↓
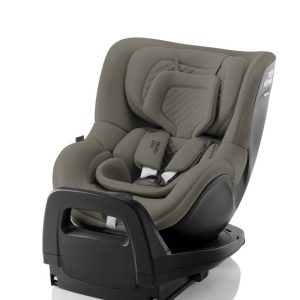 Britax Römer DUALFIX PRO M- több színben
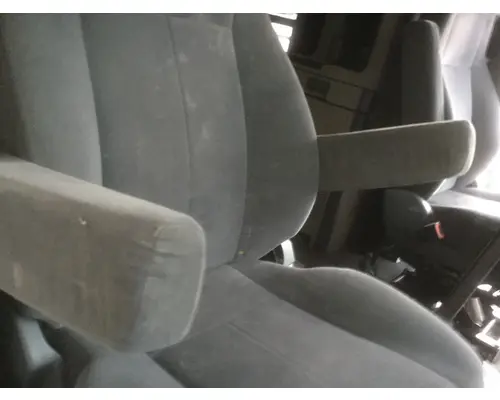 Seat, Front FREIGHTLINER CASCADIA 113 2018UP LKQ Heavy Truck - Goodys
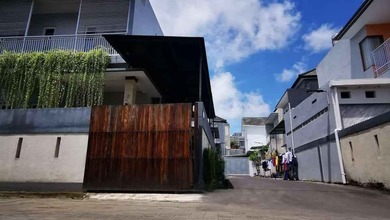 Jual Rumah Siap Tinggal area Denpasar Barat, Denpasar, Luas 114 m2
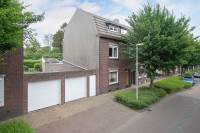 Woning Romeinenstraat 36 Kerkrade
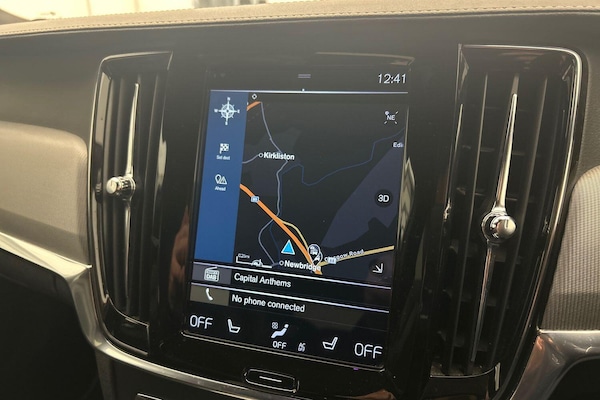 Used Volvo V90 2019 for sale - 76199879: Photo 16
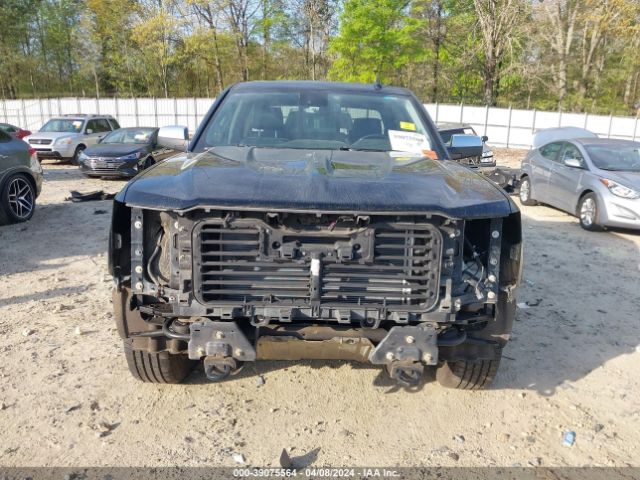 3GCUKTEC7HG402931 Chevrolet Silverado 1500 High Country
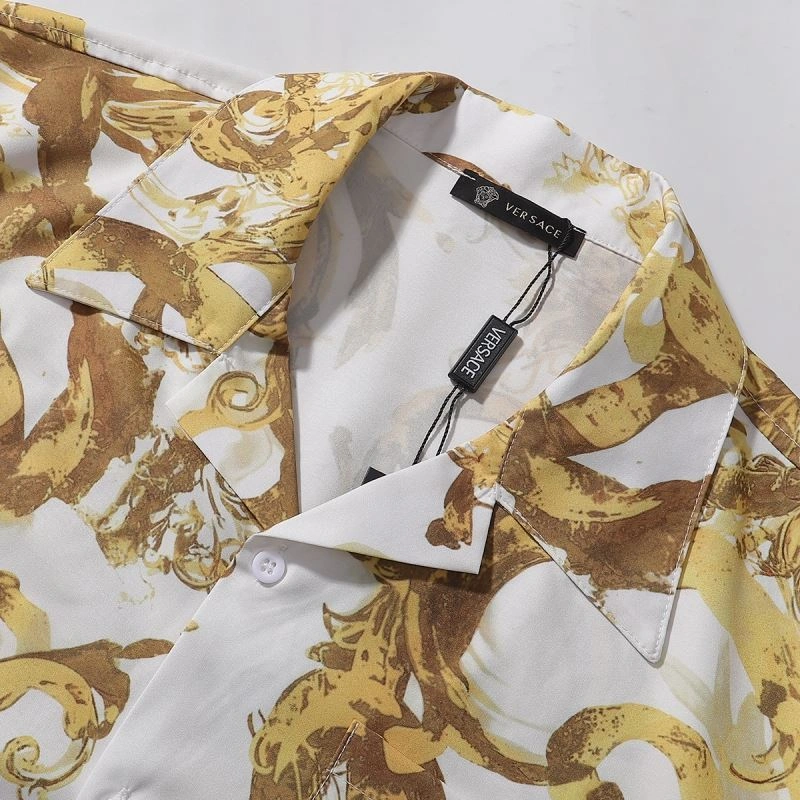 Versace Shirts Tailored 175780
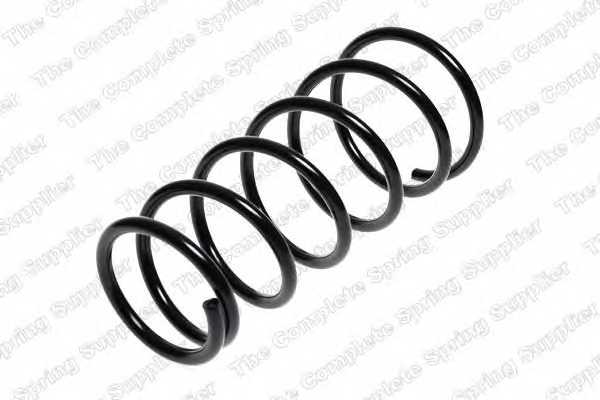 Пружина ходовой части LESJOFORS 24420326 / 4244203 - изображение Пружина ходовой части LESJOFORS 24420326 / 4244203 - изображение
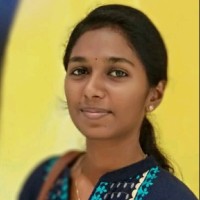 Amitha Mary George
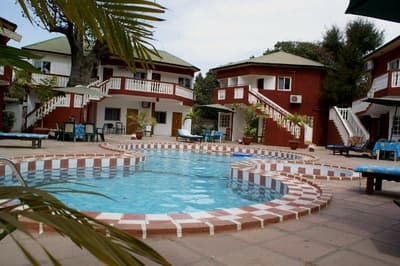 Baobab Holiday Resort
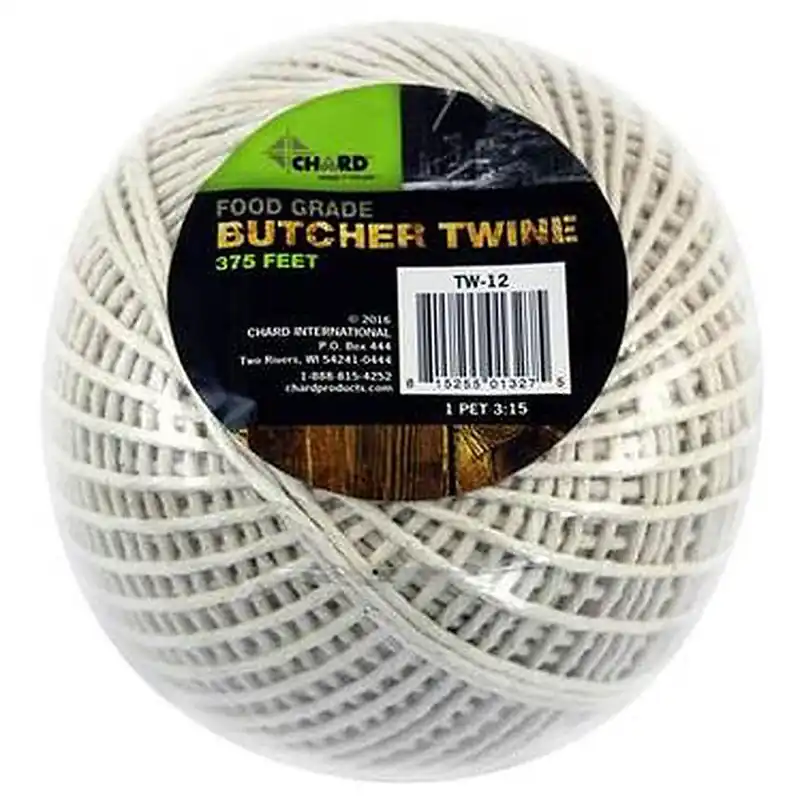 Chard Food Grade Butcher Twine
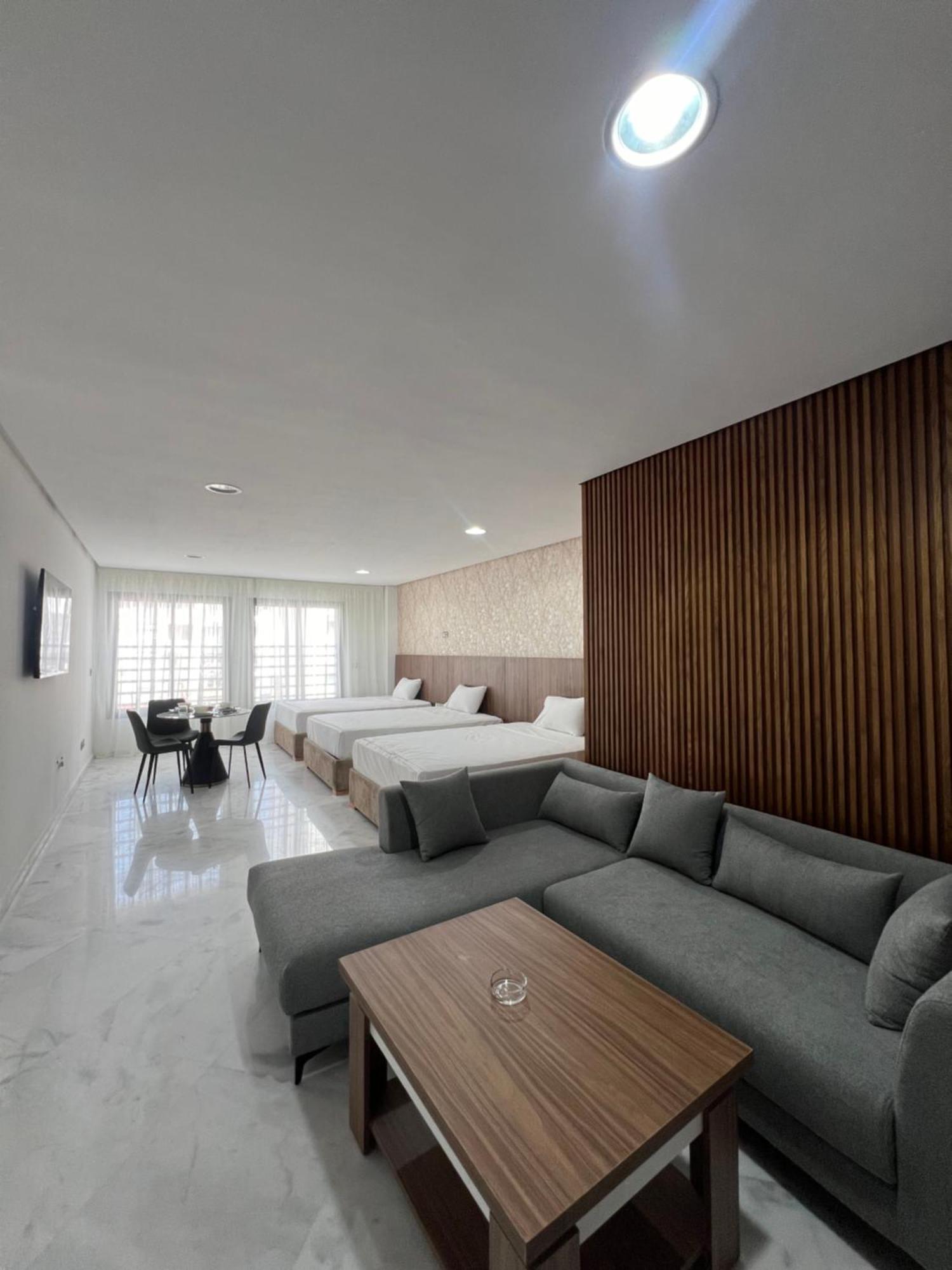 Luxury Apartment Charf Zewnętrze zdjęcie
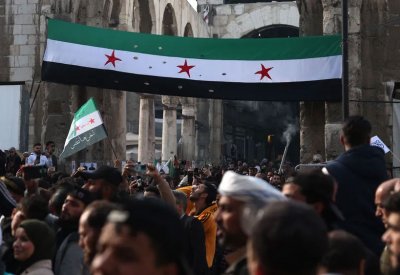 قرار أميركي "فوري" بتخفيف العقوبات على سوريا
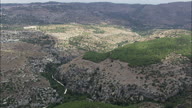 Orientata Pantalica Natural Park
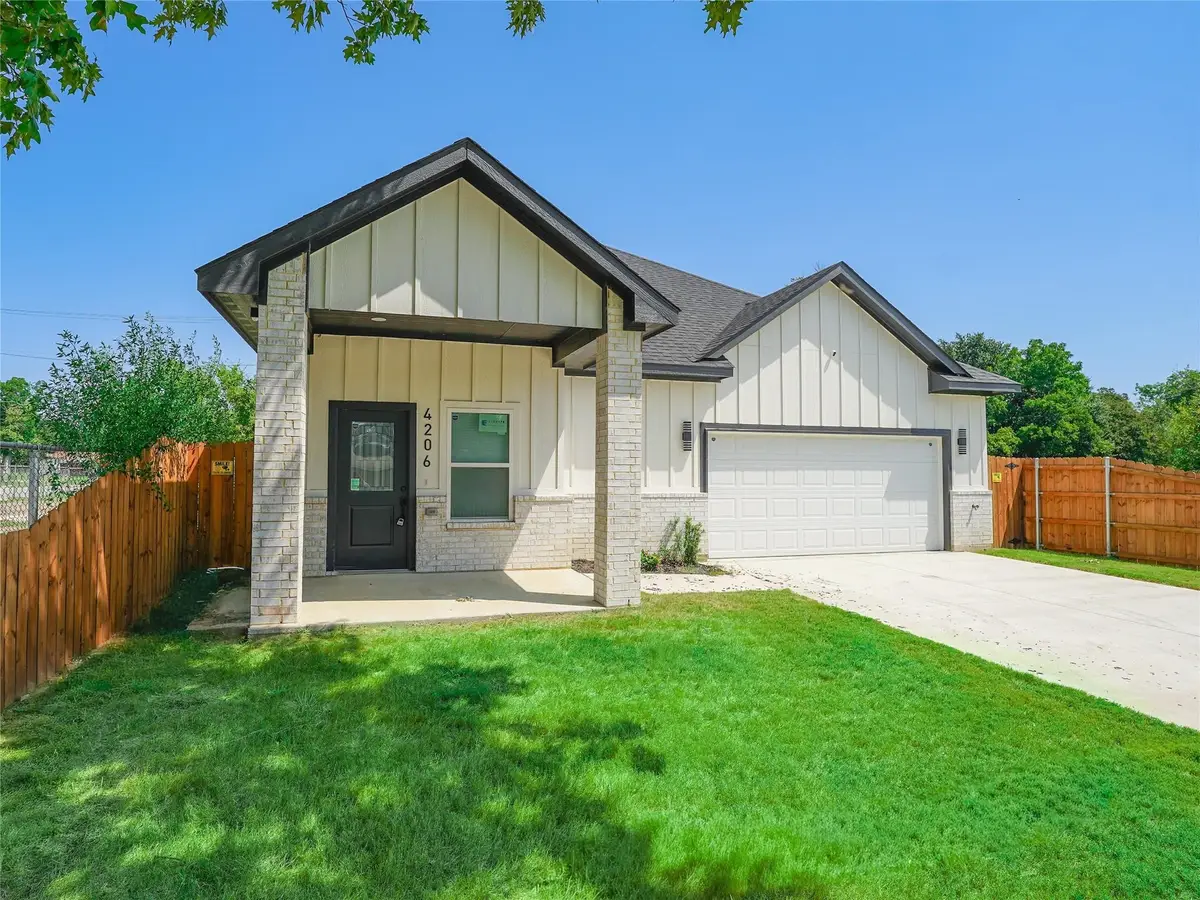 4206 Colonial Avenue, Dallas, TX 75215 - #1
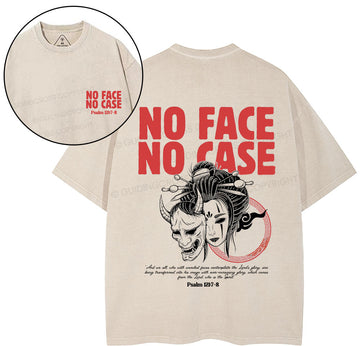 NewSample Christian Washed TShirt  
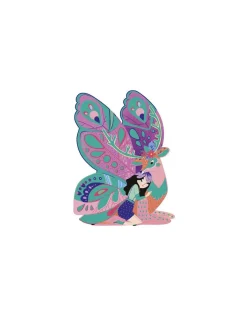 Janod Coffret multi-activités Magic Fairies - Discount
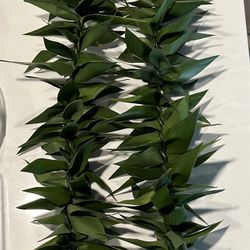 Graduation Leis (MADE TO ORDER) 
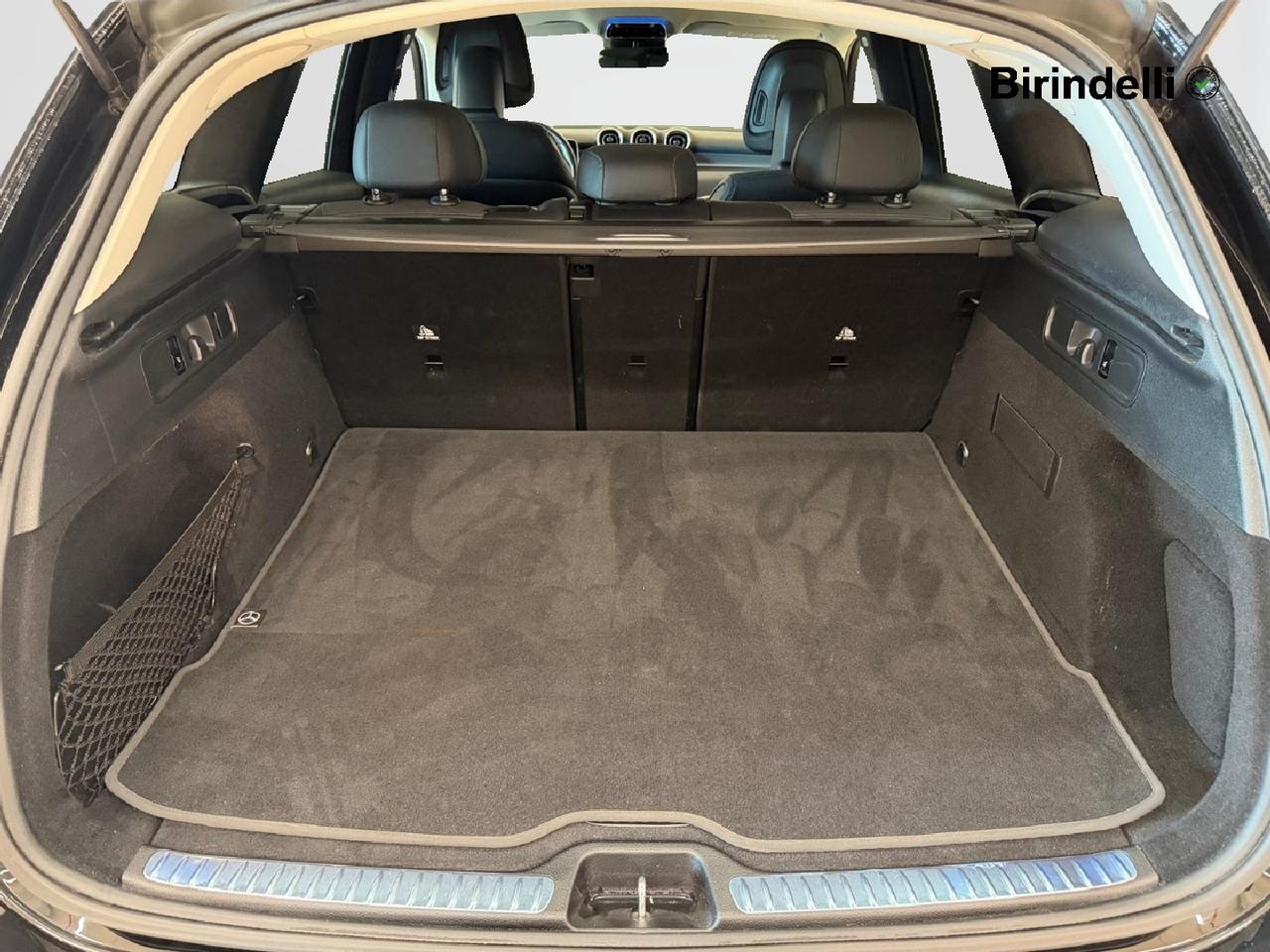 Mercedes-Benz GLC (X254) - GLC 220 d 4Matic Mild Hybrid Advanced Plus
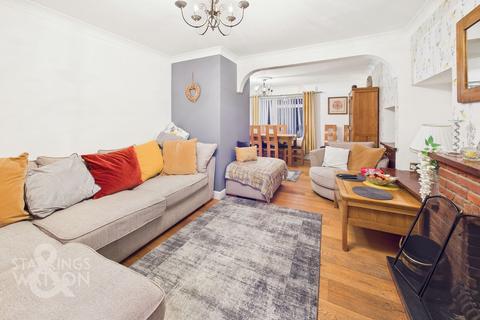 3 bedroom semi-detached house for sale, West End, Costessey, Norwich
↑
Reproduce the listing in full and exactly, excluding any pictures it holds.

 Britax Römer DUALFIX PRO M- több színben
 Seat, Front FREIGHTLINER CASCADIA 113 2018UP LKQ Heavy Truck - Goodys
 Jual Rumah Siap Tinggal area Denpasar Barat, Denpasar, Luas 114 m2
 Woning Romeinenstraat 36 Kerkrade
 Used Volvo V90 2019 for sale - 76199879: Photo 16
 3GCUKTEC7HG402931 Chevrolet Silverado 1500 High Country
 Versace Shirts Tailored 175780
 Пружина ходовой части LESJOFORS 24420326 / 4244203 - изображение Пружина ходовой части LESJOFORS 24420326 / 4244203 - изображение
 Amitha Mary George
 Baobab Holiday Resort
 Chard Food Grade Butcher Twine
 Luxury Apartment Charf Zewnętrze zdjęcie
 قرار أميركي "فوري" بتخفيف العقوبات على سوريا
 Orientata Pantalica Natural Park
 4206 Colonial Avenue, Dallas, TX 75215 - #1
 NewSample Christian Washed TShirt  
 Janod Coffret multi-activités Magic Fairies - Discount
 Graduation Leis (MADE TO ORDER) 
 Mercedes-Benz GLC (X254) - GLC 220 d 4Matic Mild Hybrid Advanced Plus
 3 bedroom semi-detached house for sale, West End, Costessey, Norwich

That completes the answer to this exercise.